All the memory management within Kratos is done through “Shared Pointers”. Essentially a shared pointer is an entity which holds a counter with the number of existing instances of an object. EVERY TIME a new Shared Pointer is created such counter is incremented or decremented to represent the number of living instances of the object pointed to.

A good description of the design and behaviour of shared_ptr can be found at the links:

In the practice when using Shared Pointers within Kratos one should be aware of their performance pitfalls so to be able to avoid them.

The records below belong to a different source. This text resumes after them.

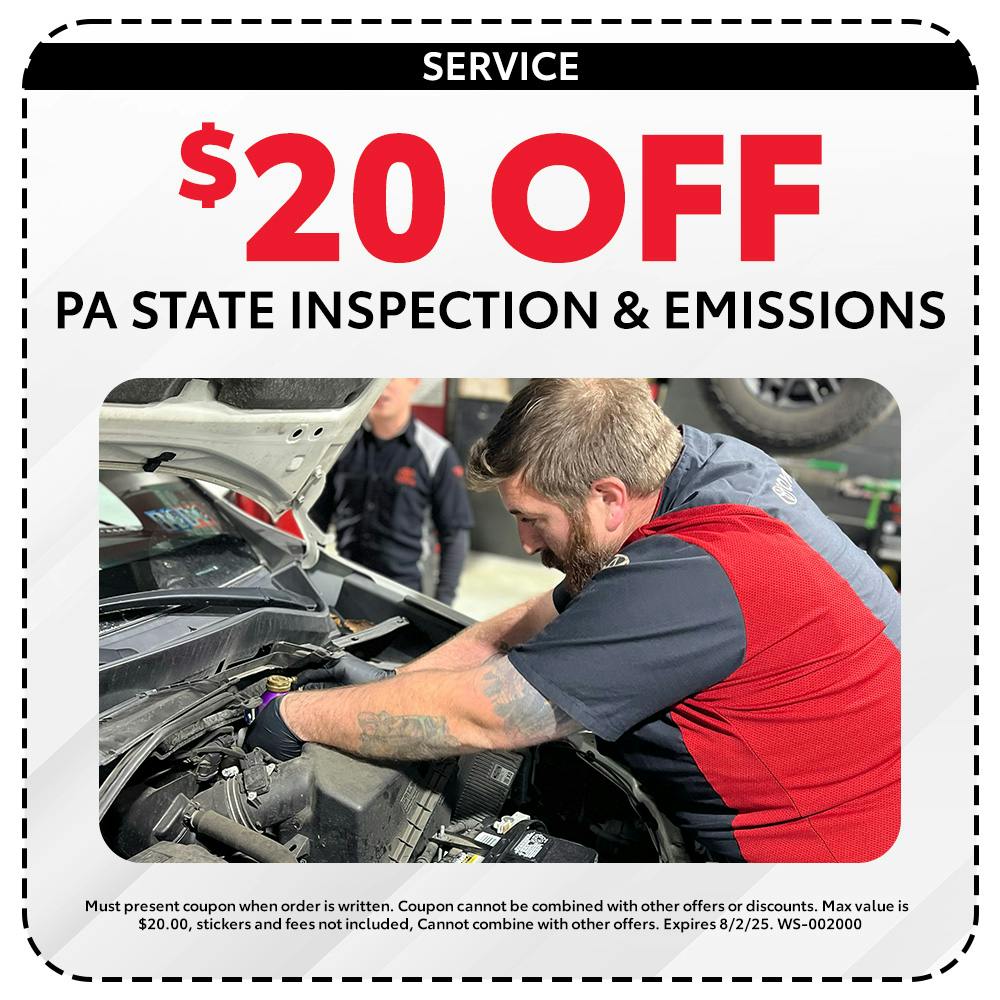 PA State Inspection | Team Toyota of Glen Mills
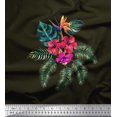 thumbnail image 1 of Soimoi Rayon Fabric Floral & Leaves Tropical Print Fabric by Yard 42 Inch Wide, 1 of 2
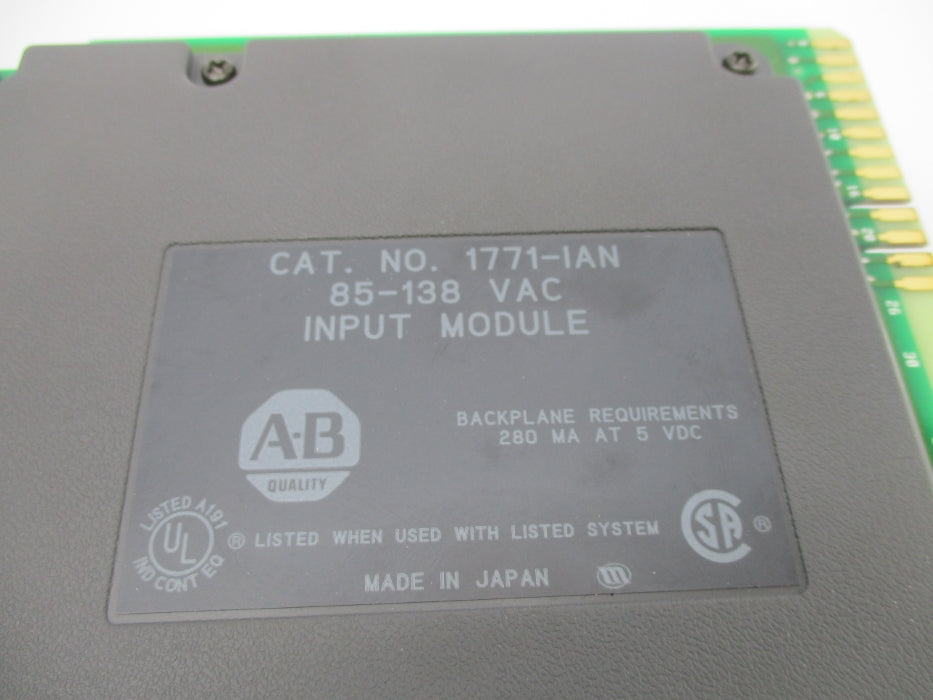 ALLEN BRADLEY 1771-IAN UNMP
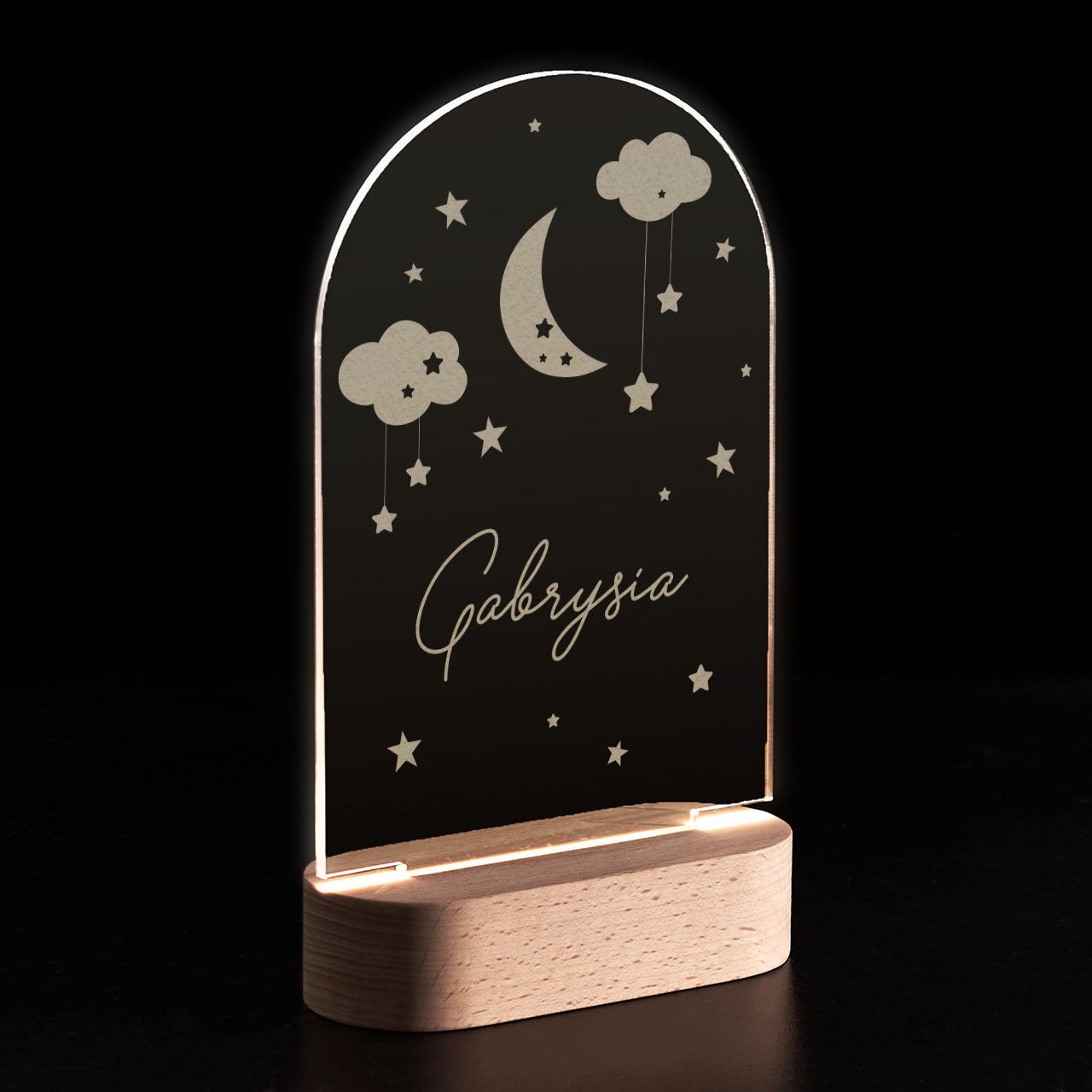 Personalizowana lampka nocna led dla dziecka Słodkich Snów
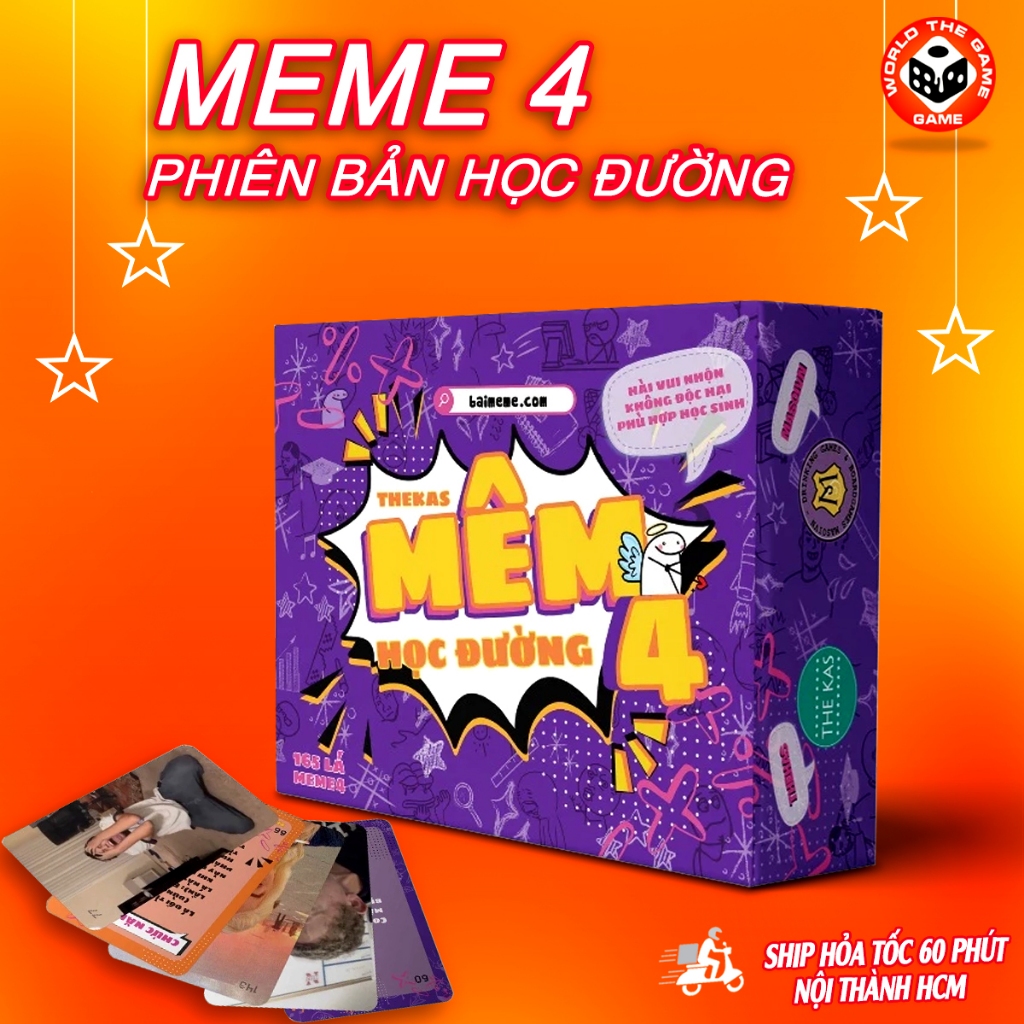 [ใหม่] Meme Card Deck ver 4 School - Fun Boardgame ความบันเทิงที่ดีที่สุดกับเพื่อนของคุณ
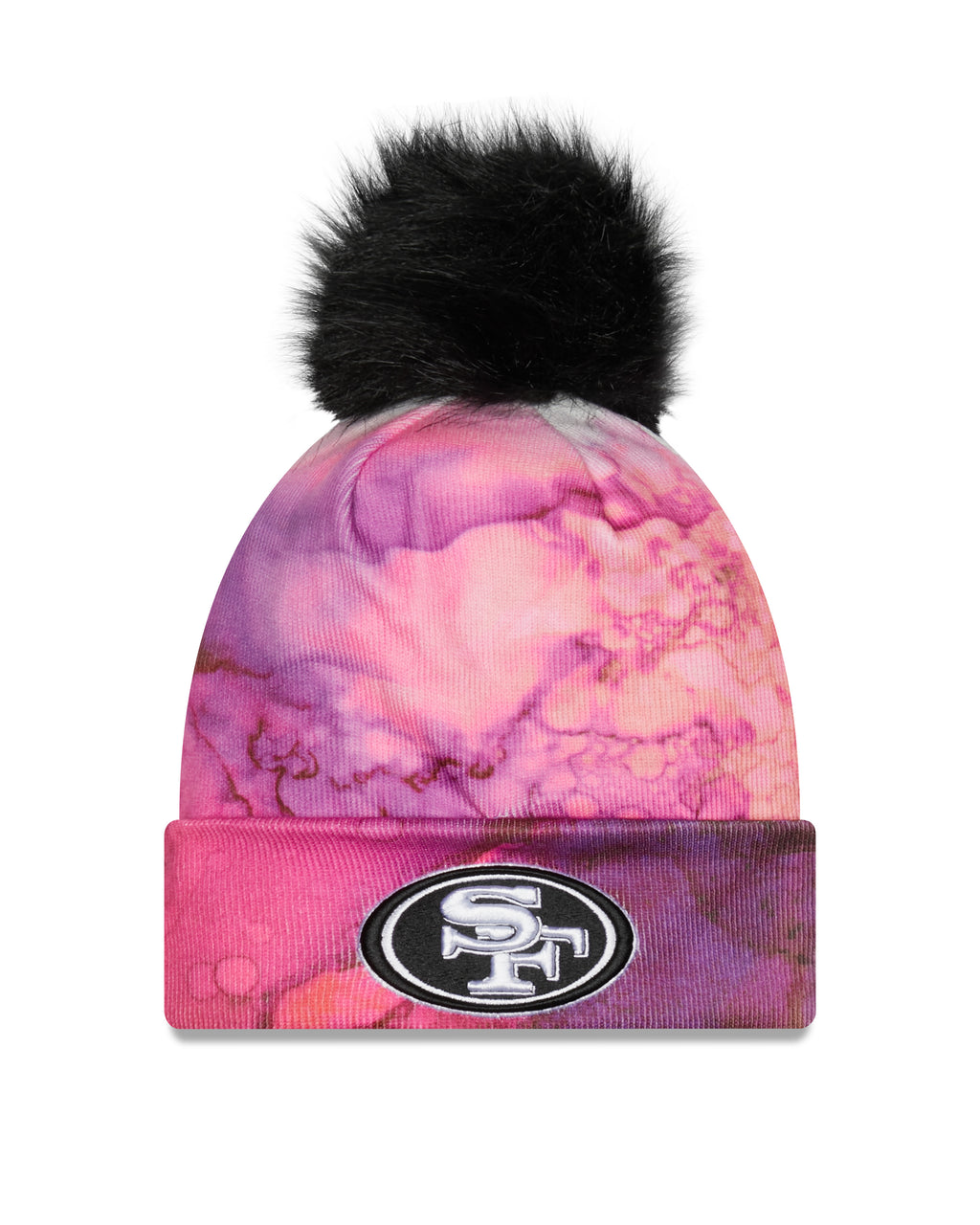New Era NFL San Francisco 49er Pom Knit Beanie Multicolor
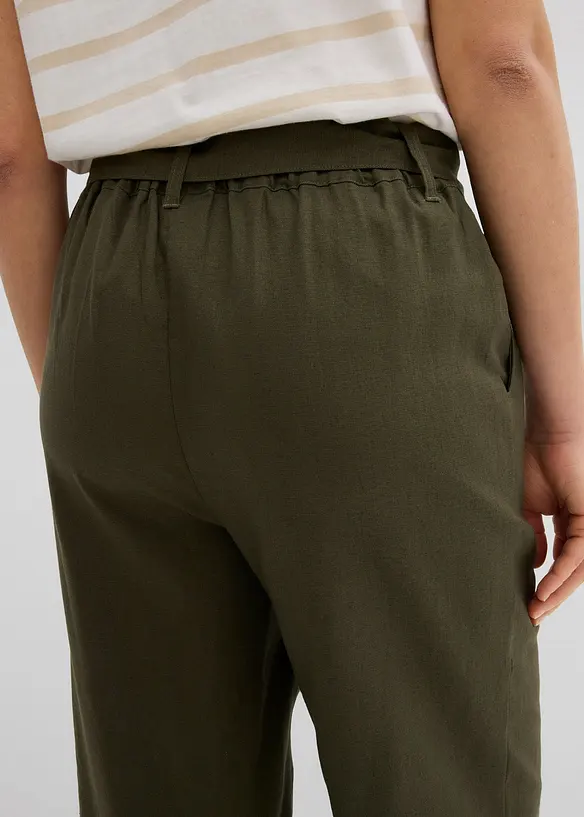 Jupe-culotte en lin mélangé, bonprix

The use of an existing pointer does not imply any performance penalty with respect to a traditional pointer, HOWEVER while creating and destroying a traditional “c-style” pointer is a cheap operation, the creation or destruction of a shared point is relatively time consuming. This is so, as at the moment of creating/destructing a Shared Pointer the number of references to the object should be incremented or decremented, which implies an atomic operation if OpenMP parallelism is employed.

Within Kratos the great majority of shared_ptrs is stored in vectors, typically in the classes:

PointerVector (used as a basis for the "geometry" class)
PointerVectorSet (NodesContainerType, ElementsContainerType, ConditionsContainerType)
PointerVectorMap

All of such objects provide two distinct operators, [] and ().

OPERATOR []

It returns a reference to the object pointed by the underlying pointer. This operator should be used in most cases.

OPERATOR ()

It returns a pointer to the object, which will often require creating a copy of the pointer. This is often slow, only use it if you really need a pointer.

Similarly, avoid using GetGeometry().pGetNode(…) unless you really need a pointer, since this will imply allocating a new pointer and is hence an expensive operation.